Washington, D. C. 20549





Pursuant to Section 13 or 15(d) of the Securities Exchange Act of 1934


February 14, 2018

Date of Report (Date of earliest event reported)


Protective Life Corporation

(Exact name of registrant as specified in its charter)







(State or other jurisdiction




(IRS Employer 

of incorporation)


File Number)


Identification No.)


2801 Highway 280 South

Birmingham, Alabama 35223

(Address of principal executive offices and zip code)


(205) 268-1000

(Registrant’s telephone number, including area code)



(Former name or former address, if changed since last report.)


Check the appropriate box below if the Form 8-K filing is intended to simultaneously satisfy the filing obligation of the registrant under any of the following provisions:


o    Written communications pursuant to Rule 425 under the Securities Act (17 CFR 230.425)


o    Soliciting material pursuant to Rule 14a-12 under the Exchange Act (17 CFR 240.14a-12)


o    Pre-commencement communications pursuant to Rule 14d-2(b) under the Exchange Act (17 CF 240.14d-2(b))


o    Pre-commencement communications pursuant to Rule 13e-4(c) under the Exchange Act (17 CFR 240.13e-4(c))


Indicate by check mark whether the registrant is an emerging growth company as defined in Rule 405 of the Securities Act of 1933 (§230.405 of this chapter) or Rule 12b-2 of the Securities Exchange Act of 1934 (§240.12b-2 of this chapter).


Emerging growth company               o


If an emerging growth company, indicate by check mark if the registrant has elected not to use the extended transition period for complying with any new or revised financial accounting standards provided pursuant to Section 13(a) of the Exchange Act.  o





Item 2.02.                                        Results of Operations and Financial Condition.


To the extent the information in Item 7.01 of this Current Report on Form 8-K relates to the fiscal year ended December 31, 2017, such information is incorporated by reference herein.


Item 7.01.                                        Regulation FD Disclosure.
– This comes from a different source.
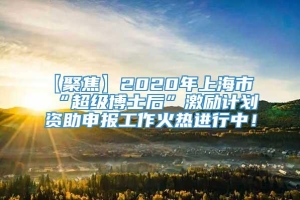 【聚焦】2020年上海市“超级博士后”激励计划资助申报工作火热进行中！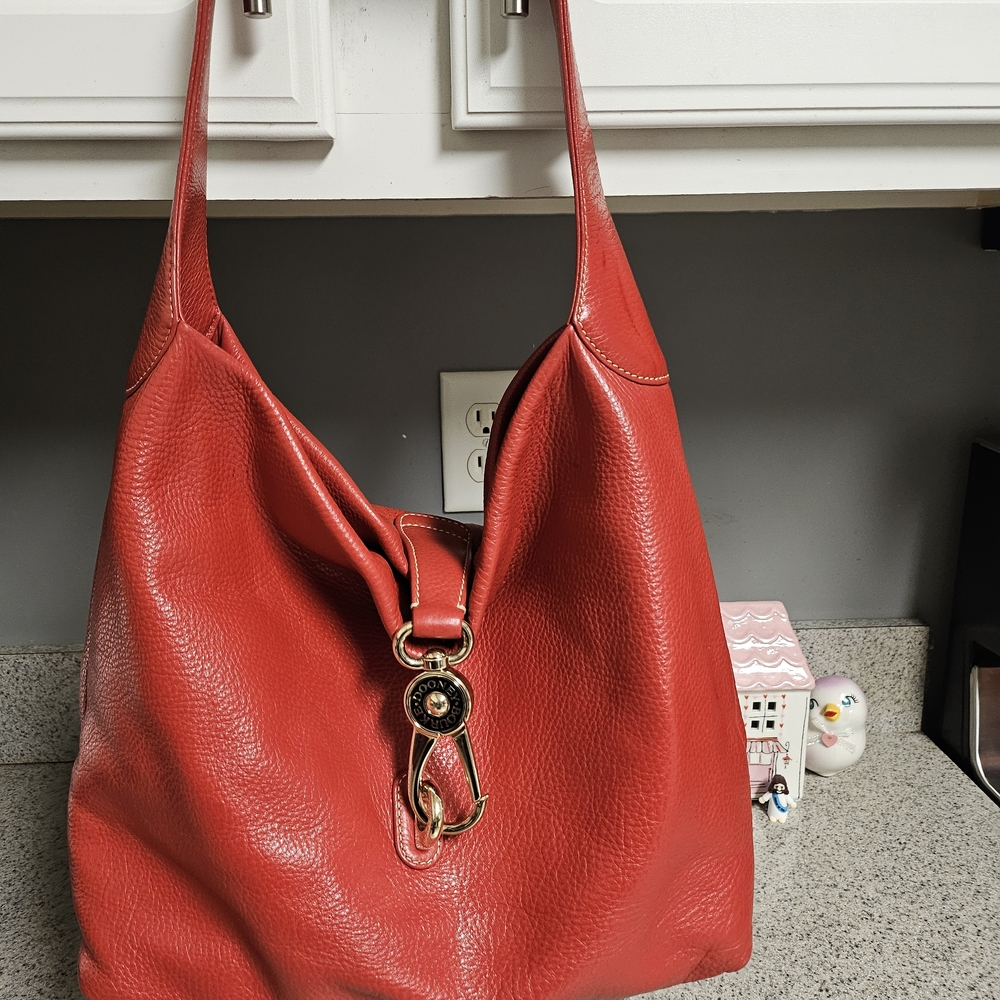 Dooney & Bourke Red Pebbled Leather Hobo with Gold Hardware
In December 2017, the Tax Cuts and Jobs Act (the “Act”) was enacted, which made significant changes to U.S. tax law.  The Act includes, among other things, a reduction in the maximum U.S. corporate income tax rate from 35 percent to 21 percent.  The reduction of the U.S. corporate income tax rate will cause Protective Life Corporation (“Protective” or the “Company”) to revalue its deferred tax assets and deferred tax liabilities at the lower tax rate of 21 percent.


The Company currently estimates its financial results for 2017 will include a reduction in income tax expense of approximately $790 million to $800 million resulting primarily from the re-measurement of the Company’s deferred tax liabilities to reflect the recently enacted 21% corporate income tax rate.  Further, due to the anticipated significant benefit caused by this re-measurement, the Company expects its net income for 2017 to be approximately $1.1 billion.


The actual impact of the Act on the Company’s financial results may differ from these estimates.  The Company will continue to assess the expected impacts of the Act and will include additional details in its Annual Report on Form 10-K for the year ended December 31, 2017.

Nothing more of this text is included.